The showfragments toggle controls printing the outputs of pairs
with "imperfect" matches. That is, in some cases a repeating
sequence will match in several frames, causing repeated sequence
matching and producing a large list of coordinate pairs. This
list can be shown if the parameter is turned on, but the statement
"WARNING: sequence pairs are overmatched" will appear if it is
turned off. The actual sequences will be shown in either case,
so the comparison can always be done by hand by the user. The
output is excessively long, but the sequences will be shown, so
the comparison can be done by the user.
example: 1 acggatcgtgtgtgtgtgtgtgtgtacgatcggatcgat
2 acggatcgtgtgtgtgtgtgtgtgtacgatcggatcgat
These sequences will have matches between all of the 'gt' base
pairs, resulting in an overwhelming number of matches. The
maximum number of possible matches is found by taking the length
of the sequences and dividing it by the value in the overmatched
parameter (FIFTH LINE) times the number of instructions that
match between any two pieces in the dbinst. This results in
a maximum number of matches between any two pieces. Any pieces
above this limit will can have their output completely shown or
can generate a warning message (see showfragments, SECOND LINE).
In addition to preventing the example case, showfragments will
also prevent the display of any other case that may cause an
excessive number of matches.
THIRD LINE 'y' turns the flag on, 'n' turns it off
(writepairs) controls the printing of the pairs output file.

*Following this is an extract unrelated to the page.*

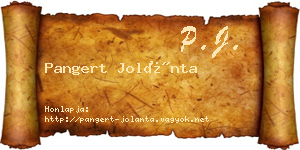 Pangert Jolánta névjegykártya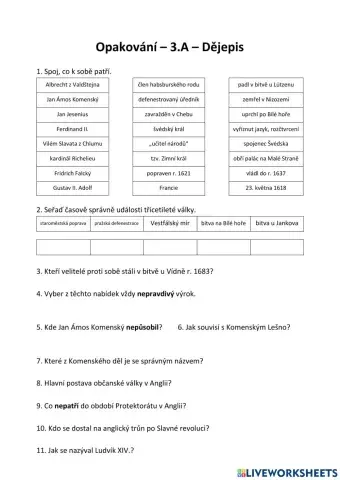 Dějepis - 3.A - Třicetiletá a období po ní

If writepairs is on, the original clustering pairlist will be
printed into the output file pairs. If it is off, this file will
not be printed. This parameter must be turned on to effectively
use the debugging parameter (see FIRST LINE).
FOURTH LINE 'y' turns the flag on, 'n' turns it off
(writeclumps) controls printing of the clumps output file.
If writeclumps is on, the original clustering pairlist will be
sent through the clumping procedures. The output file clumps will
contain the sequences involved in the matches on the pair in
addition to the clumped version of the pairlist. The clumping
process takes an excessive amount of time for very large files,
since the program must traverse the entire pairlist to find all
related pairs, then put the pairs on to the clumplist, then go
through the book and find sequences to match every instruction
in every pair of every clump. Although it is much easier to
determine which pieces are true repeats through use of the clumps
file, it is certainly possible to do so by simply using the pairs
output file.
FIFTH LINE any integer
(matchparameter) is the number of matches to be allowed
between two instructions. This can be determined by dividing the
sequence length from the book by the minimum window size from the
subindex, or a maximum number of matches between instructions can
be set. An integer less than or equal to 0 will calculate maximum
matches using the above method. Any number greater than 0 will be
used as the new maximum matches.
example: if the instructions call for the sequences
piece1: get from 100 -50 to 100 +50;
piece2: get from 200 -50 to 200 +50;
The sequence length is 101. If the windowsize read from the
subindex = 15, then 6 possible matches can occur between these
two instructions (101 div 15 = 6).
The TOTAL number of matches between two pieces is found by
multiplying matchparameter by the number of instructions in a
given pair. If a piece has more matches than this, it is
considered to be overmatched, the bag will not be printed, and the
statment 'WARNING: sequence pairs have too many matches.' will
appear. Overmatched pairs can be printed using the showmatches
parameter (see SECOND LINE).
subind: a subindex from the indana program matching the inst and the book
inst: a set of delila instructions that correspond to the book
book: a delila book that contains the sequences being clumped
pairs: the output list of paired sequences
clumps: the output list of clumped sequences
output: When errors occur, the program halts and produces an error message
description
Duplicate entries in the subind subindex are clustered into a unified list
of pairs and copied to output files as sequence numbers, lengths, and
sequence base pairs.
Pairs are determined by the indana program, which delegates sequence
similarities with an '*'. Cluster takes the subindex and shows the
coordinate range and length of the similarity by pairs. The pairs file is
a list of relationships between two sequences, the clumps file takes this
list of pairs and groups related ones together. The seqalign modules of the
program then access the book and get the corresponding sequences to print
out with the instruction number and piece name.
documentation
none
see also
index.p, indana.p
author
R. Michael Stephens
bugs
None currently known.
technical notes
The read for the indana window size is based on the '[' character before
the number in the subind heading. Any changes to indana that alter this
format must be reflected in the getwindowsize procedure.
*)
(* end module describe.cluster *)
{This manual page was created by makman 1.45}
{created by htmlink 1.62}